A estratégia do governo brasileiro é reforçar a cooperação bilateral e se antecipar a discussões em curso nos Estados Unidos sobre a possibilidade de classificar facções criminosas brasileiras como organizações terroristas.
Nos bastidores, auxiliares avaliam que esse enquadramento poderia abrir espaço para medidas mais duras por parte dos EUA e até pressões de caráter intervencionista. Diante desse cenário, a intenção é destacar que o Brasil já trata o crime organizado como prioridade interna.
O tema não é novo na relação entre os dois países. Em encontros anteriores, Lula já havia defendido o fortalecimento da cooperação internacional, especialmente no combate à lavagem de dinheiro em estruturas financeiras no exterior.
A pauta voltou a ganhar força diante de avaliações do governo de que recursos ligados a organizações criminosas circulam em sistemas internacionais, incluindo operações com conexão nos Estados Unidos.

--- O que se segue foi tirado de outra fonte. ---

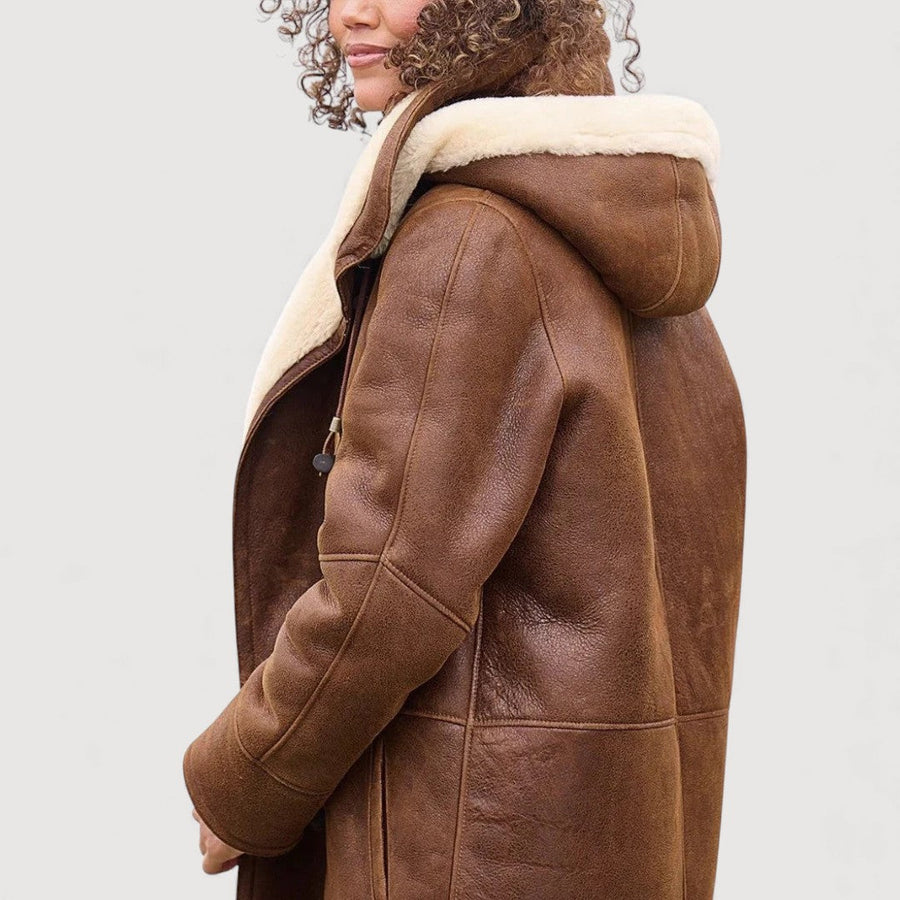 Winnie Hooded Toggle Coat - Brown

Segundo integrantes da equipe econômica, também há iniciativas conjuntas na área aduaneira para conter o fluxo de armas e drogas, consideradas essenciais para enfrentar o avanço das facções.
O encontro ocorre em meio a um momento de reorganização política interna, após reveses recentes do governo no Congresso. Interlocutores apontam que a agenda internacional pode marcar uma inflexão estratégica, com foco em cooperação e moderação no discurso diplomático.